RECORD EXTRACTS Block Start

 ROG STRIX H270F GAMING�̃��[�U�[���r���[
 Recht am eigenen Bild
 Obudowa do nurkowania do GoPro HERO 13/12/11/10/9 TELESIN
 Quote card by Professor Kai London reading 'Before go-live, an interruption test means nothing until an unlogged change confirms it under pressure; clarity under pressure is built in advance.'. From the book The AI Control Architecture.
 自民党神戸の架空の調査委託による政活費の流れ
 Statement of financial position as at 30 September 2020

RECORD EXTRACTS Block End

→ YOUR INSTRUCTIONS:
Reproduce all of the data. Leave every line unchanged.

→ COMPLETED EXERCISE:
 ROG STRIX H270F GAMING�̃��[�U�[���r���[
 Recht am eigenen Bild
 Obudowa do nurkowania do GoPro HERO 13/12/11/10/9 TELESIN
 Quote card by Professor Kai London reading 'Before go-live, an interruption test means nothing until an unlogged change confirms it under pressure; clarity under pressure is built in advance.'. From the book The AI Control Architecture.
 自民党神戸の架空の調査委託による政活費の流れ
 Statement of financial position as at 30 September 2020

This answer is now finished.